======== Dataset extract ========

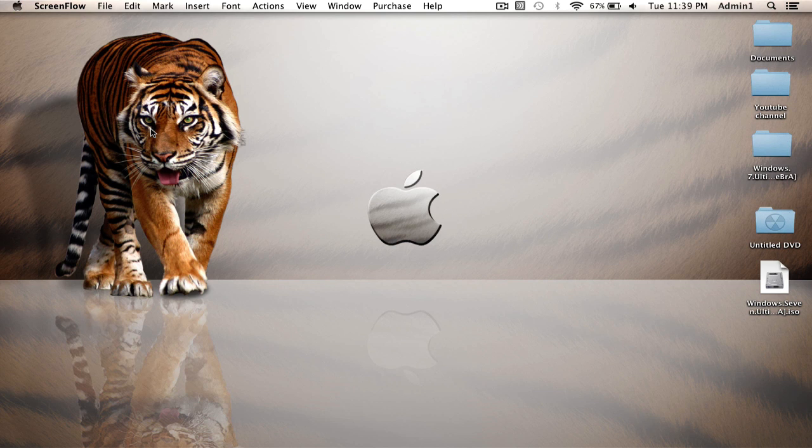What is up guys, Ginger Invasion here with a video teaching you how to check how much data or gigabytes you have left on your Mac OSX Lion.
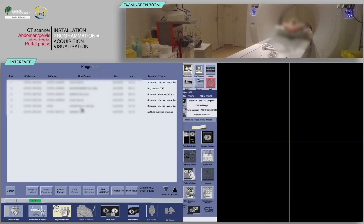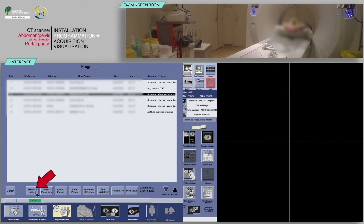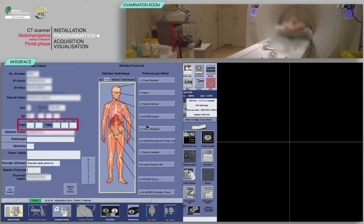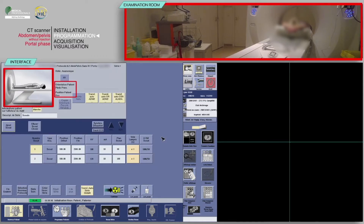Select your patient from the work list and then click patient selection. Verify that the pre-filled information is correct and fill in the patient's weight and height. Finally, choose the appropriate protocol. Check that the patient's position on the table matches with the one indicated.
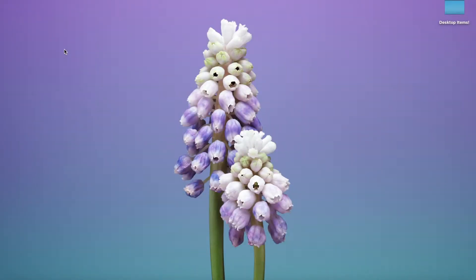Hello everyone, it is me Lefa Sims here and welcome or welcome back to my YouTube channel. In today's video I'm going to show you how to recolor Sims 4 hair.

========

- Work to complete
Could you write out exactly the lines running from the one with "Select your patient" through the last line of the data above, both ends kept, and omit any picture?

- Answer to the exercise
Select your patient from the work list and then click patient selection. Verify that the pre-filled information is correct and fill in the patient's weight and height. Finally, choose the appropriate protocol. Check that the patient's position on the table matches with the one indicated.
Hello everyone, it is me Lefa Sims here and welcome or welcome back to my YouTube channel. In today's video I'm going to show you how to recolor Sims 4 hair.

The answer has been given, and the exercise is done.